**TASK OBJECTIVE**
In the listing that follows, the lines starting at the one containing "Garments standing upright" and ending at the one containing "Vintage Budweiser Aluminum" are to be returned exactly, both boundary lines included, and no others.

**RECORDS**

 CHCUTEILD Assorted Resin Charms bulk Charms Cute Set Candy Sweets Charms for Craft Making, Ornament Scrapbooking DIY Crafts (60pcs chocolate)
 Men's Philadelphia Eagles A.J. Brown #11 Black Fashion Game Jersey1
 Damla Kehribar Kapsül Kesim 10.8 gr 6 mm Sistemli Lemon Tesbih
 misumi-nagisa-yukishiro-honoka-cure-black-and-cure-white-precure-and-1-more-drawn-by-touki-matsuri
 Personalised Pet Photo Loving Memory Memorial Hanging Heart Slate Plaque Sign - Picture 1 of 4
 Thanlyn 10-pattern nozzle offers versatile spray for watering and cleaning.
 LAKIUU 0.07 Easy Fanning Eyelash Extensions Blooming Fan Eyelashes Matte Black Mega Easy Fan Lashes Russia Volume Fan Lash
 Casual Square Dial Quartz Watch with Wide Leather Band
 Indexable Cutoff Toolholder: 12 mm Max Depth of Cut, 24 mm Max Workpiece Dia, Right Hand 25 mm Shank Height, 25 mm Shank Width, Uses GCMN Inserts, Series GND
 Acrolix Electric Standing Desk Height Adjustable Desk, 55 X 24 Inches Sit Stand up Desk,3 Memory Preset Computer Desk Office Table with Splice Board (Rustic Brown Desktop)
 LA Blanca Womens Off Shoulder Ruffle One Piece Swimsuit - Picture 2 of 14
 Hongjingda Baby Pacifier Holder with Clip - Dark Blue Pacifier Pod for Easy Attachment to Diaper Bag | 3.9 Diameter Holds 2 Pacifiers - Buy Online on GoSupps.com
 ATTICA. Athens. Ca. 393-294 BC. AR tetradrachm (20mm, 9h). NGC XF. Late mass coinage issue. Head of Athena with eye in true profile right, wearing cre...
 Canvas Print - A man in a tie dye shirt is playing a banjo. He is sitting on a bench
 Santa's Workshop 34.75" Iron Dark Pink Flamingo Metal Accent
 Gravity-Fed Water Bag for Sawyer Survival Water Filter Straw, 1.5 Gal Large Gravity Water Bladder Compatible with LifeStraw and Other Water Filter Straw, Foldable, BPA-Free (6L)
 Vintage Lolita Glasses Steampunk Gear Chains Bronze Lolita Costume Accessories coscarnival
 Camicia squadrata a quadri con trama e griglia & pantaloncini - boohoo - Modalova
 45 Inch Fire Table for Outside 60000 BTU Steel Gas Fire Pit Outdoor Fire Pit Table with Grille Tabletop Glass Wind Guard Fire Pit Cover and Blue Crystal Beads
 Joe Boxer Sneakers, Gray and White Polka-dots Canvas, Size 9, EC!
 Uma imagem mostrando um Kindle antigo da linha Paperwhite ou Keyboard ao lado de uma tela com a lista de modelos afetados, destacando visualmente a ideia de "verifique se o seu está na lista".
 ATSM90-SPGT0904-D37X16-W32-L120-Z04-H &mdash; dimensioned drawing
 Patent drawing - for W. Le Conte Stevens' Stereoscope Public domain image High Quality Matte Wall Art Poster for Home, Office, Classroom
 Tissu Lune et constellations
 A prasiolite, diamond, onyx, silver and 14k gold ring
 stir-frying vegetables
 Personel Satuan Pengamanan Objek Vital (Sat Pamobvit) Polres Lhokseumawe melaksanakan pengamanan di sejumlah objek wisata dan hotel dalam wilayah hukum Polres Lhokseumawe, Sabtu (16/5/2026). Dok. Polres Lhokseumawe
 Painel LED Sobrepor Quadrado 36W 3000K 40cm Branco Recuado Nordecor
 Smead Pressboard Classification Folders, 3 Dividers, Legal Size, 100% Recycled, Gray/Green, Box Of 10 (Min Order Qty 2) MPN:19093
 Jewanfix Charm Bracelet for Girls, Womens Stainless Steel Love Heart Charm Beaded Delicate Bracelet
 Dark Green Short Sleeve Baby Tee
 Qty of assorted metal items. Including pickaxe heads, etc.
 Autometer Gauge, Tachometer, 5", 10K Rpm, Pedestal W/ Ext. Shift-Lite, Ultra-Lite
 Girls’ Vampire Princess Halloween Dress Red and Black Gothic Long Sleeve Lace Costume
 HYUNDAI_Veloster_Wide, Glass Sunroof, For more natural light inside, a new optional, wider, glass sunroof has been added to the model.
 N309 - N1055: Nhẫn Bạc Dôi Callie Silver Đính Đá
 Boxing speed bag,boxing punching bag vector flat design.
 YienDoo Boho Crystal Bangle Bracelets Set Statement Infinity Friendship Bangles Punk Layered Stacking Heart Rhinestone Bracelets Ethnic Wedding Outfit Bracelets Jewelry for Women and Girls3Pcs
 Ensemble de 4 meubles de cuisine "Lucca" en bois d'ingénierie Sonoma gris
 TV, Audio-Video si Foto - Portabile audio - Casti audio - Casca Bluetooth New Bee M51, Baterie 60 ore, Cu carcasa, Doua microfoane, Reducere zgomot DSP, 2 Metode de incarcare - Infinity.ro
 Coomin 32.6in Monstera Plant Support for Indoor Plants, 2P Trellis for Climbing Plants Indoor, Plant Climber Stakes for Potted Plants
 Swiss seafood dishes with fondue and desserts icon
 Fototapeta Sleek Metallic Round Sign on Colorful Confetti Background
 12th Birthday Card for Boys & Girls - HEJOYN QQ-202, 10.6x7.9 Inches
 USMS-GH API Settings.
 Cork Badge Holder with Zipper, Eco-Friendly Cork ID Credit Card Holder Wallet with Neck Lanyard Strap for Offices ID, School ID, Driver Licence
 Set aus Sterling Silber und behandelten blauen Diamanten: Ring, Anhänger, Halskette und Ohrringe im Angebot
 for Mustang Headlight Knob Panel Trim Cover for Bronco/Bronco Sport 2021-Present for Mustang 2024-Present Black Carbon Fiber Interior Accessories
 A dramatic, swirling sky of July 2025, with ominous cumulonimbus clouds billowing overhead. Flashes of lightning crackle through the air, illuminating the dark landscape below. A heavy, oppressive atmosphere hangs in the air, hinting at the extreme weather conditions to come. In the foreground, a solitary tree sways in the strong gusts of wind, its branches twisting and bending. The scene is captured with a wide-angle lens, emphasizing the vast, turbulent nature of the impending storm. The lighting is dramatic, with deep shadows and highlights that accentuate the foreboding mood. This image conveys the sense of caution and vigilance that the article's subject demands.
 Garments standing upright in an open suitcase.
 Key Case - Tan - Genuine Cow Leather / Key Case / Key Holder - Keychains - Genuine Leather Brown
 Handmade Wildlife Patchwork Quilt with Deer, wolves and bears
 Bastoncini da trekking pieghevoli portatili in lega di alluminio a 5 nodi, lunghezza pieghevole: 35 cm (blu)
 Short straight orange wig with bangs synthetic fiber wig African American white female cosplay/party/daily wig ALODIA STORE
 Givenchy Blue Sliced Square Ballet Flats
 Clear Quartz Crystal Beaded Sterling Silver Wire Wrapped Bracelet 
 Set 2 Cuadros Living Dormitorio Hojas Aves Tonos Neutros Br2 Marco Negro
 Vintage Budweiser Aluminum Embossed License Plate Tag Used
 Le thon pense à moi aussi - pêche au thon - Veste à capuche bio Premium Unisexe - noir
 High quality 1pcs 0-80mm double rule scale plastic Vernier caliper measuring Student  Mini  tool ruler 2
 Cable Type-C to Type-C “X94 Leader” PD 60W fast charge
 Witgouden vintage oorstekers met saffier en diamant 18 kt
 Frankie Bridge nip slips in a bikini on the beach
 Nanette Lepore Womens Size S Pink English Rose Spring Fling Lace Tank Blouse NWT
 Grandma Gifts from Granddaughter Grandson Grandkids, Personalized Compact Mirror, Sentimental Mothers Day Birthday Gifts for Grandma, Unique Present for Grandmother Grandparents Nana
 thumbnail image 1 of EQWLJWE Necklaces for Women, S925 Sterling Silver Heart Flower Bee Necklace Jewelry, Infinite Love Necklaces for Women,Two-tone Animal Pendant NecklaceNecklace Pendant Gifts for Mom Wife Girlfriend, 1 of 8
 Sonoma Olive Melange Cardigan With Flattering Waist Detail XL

**EXERCISE SOLUTION**
 Garments standing upright in an open suitcase.
 Key Case - Tan - Genuine Cow Leather / Key Case / Key Holder - Keychains - Genuine Leather Brown
 Handmade Wildlife Patchwork Quilt with Deer, wolves and bears
 Bastoncini da trekking pieghevoli portatili in lega di alluminio a 5 nodi, lunghezza pieghevole: 35 cm (blu)
 Short straight orange wig with bangs synthetic fiber wig African American white female cosplay/party/daily wig ALODIA STORE
 Givenchy Blue Sliced Square Ballet Flats
 Clear Quartz Crystal Beaded Sterling Silver Wire Wrapped Bracelet 
 Set 2 Cuadros Living Dormitorio Hojas Aves Tonos Neutros Br2 Marco Negro
 Vintage Budweiser Aluminum Embossed License Plate Tag Used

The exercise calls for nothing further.